## TASK DESCRIPTION
Scan the records below for the line with "Sabieh Region Acheter" and the line with "Ozaki Desert Camp", and retype that range exactly, both ends included, pictures excepted.

**** ENTRIES SUPPLIED

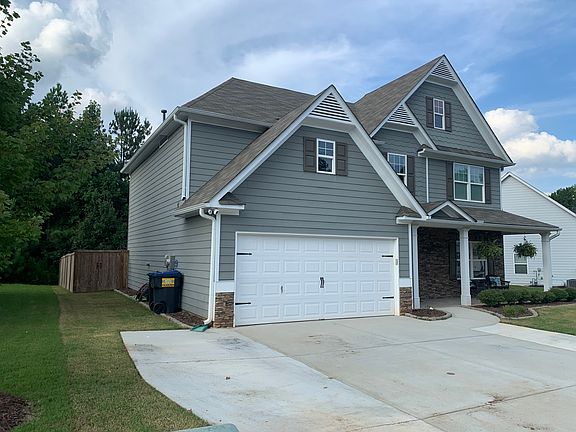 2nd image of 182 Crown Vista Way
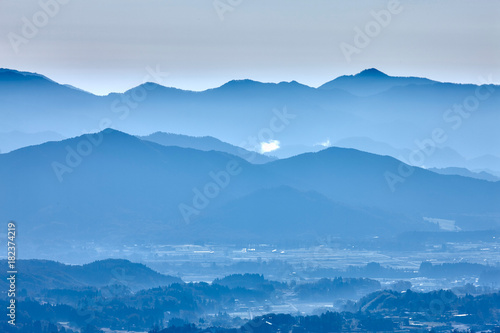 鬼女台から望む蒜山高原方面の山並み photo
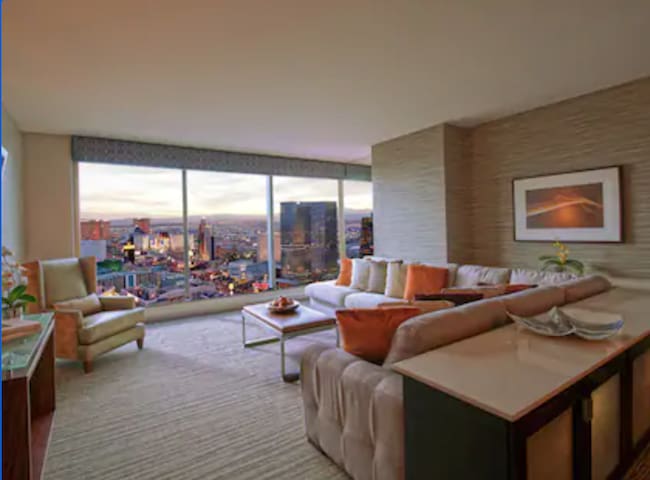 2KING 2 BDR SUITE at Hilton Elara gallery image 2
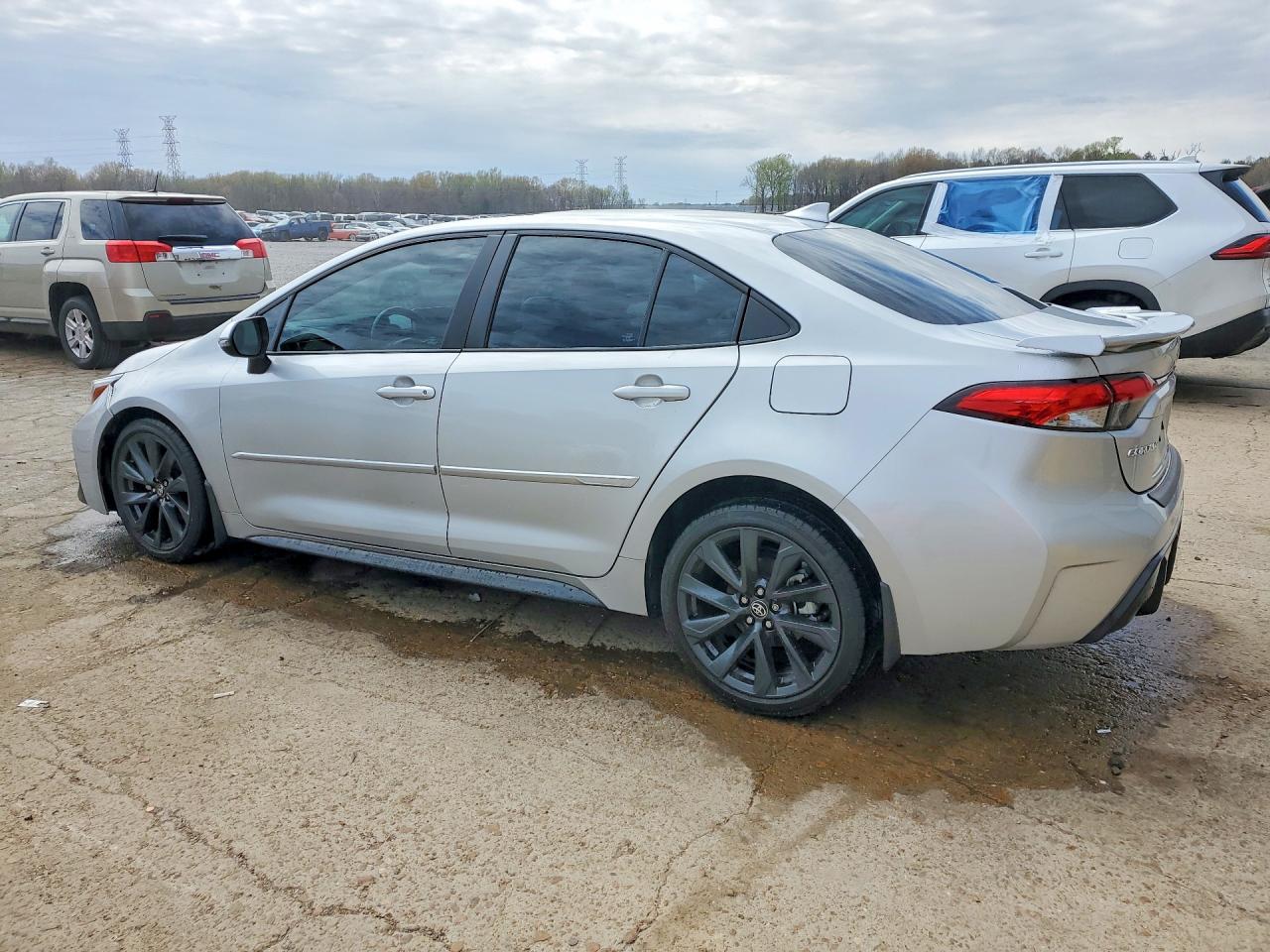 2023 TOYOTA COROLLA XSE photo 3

********
**** ENTRIES SUPPLIED

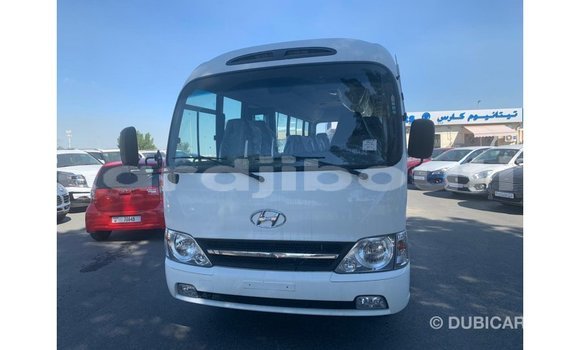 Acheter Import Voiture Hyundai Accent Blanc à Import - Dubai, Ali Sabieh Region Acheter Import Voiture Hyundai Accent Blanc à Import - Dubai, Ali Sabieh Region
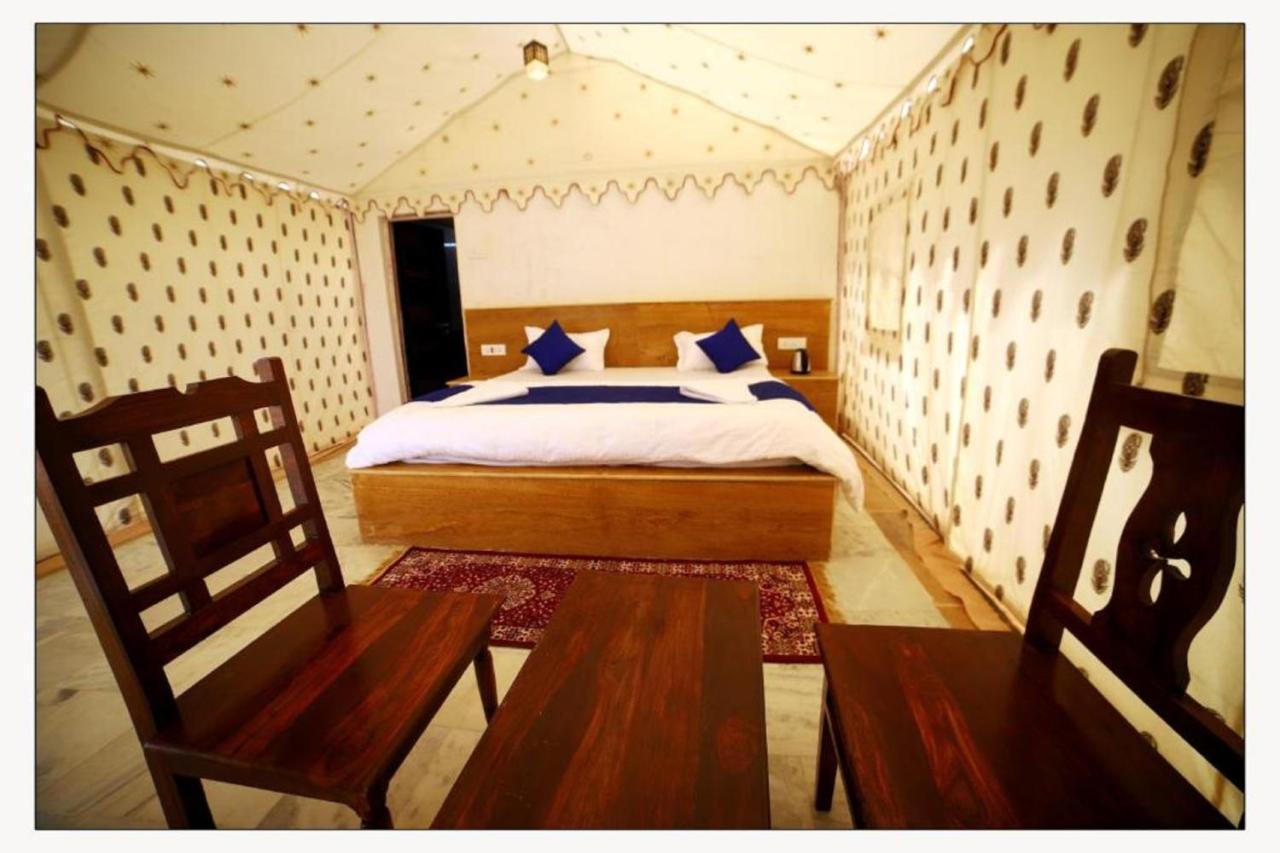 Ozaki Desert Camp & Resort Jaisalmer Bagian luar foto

********
**** ENTRIES SUPPLIED

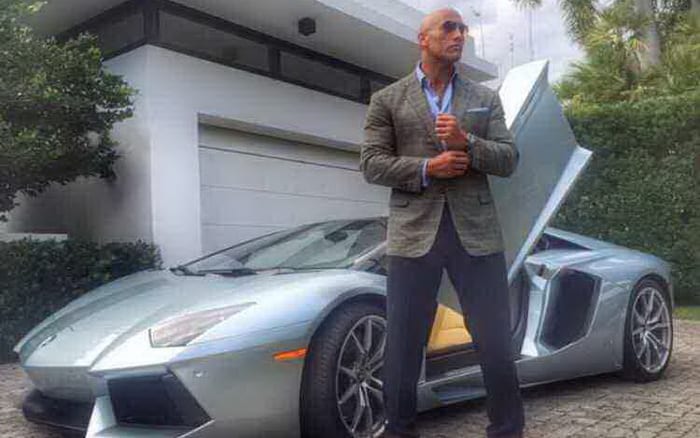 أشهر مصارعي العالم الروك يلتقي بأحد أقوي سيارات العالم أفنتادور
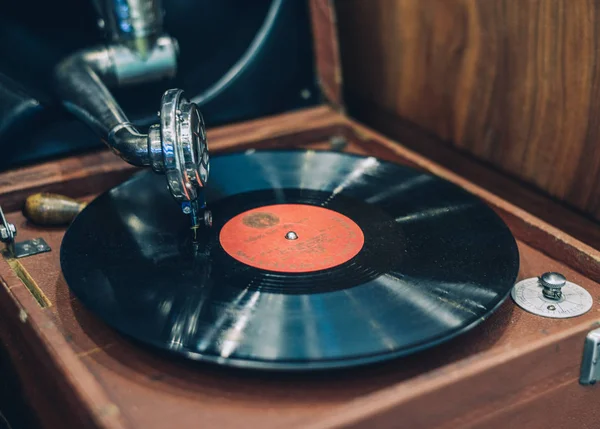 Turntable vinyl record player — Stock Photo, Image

********

## THE COMPLETED TASK
 Acheter Import Voiture Hyundai Accent Blanc à Import - Dubai, Ali Sabieh Region Acheter Import Voiture Hyundai Accent Blanc à Import - Dubai, Ali Sabieh Region
 Ozaki Desert Camp & Resort Jaisalmer Bagian luar foto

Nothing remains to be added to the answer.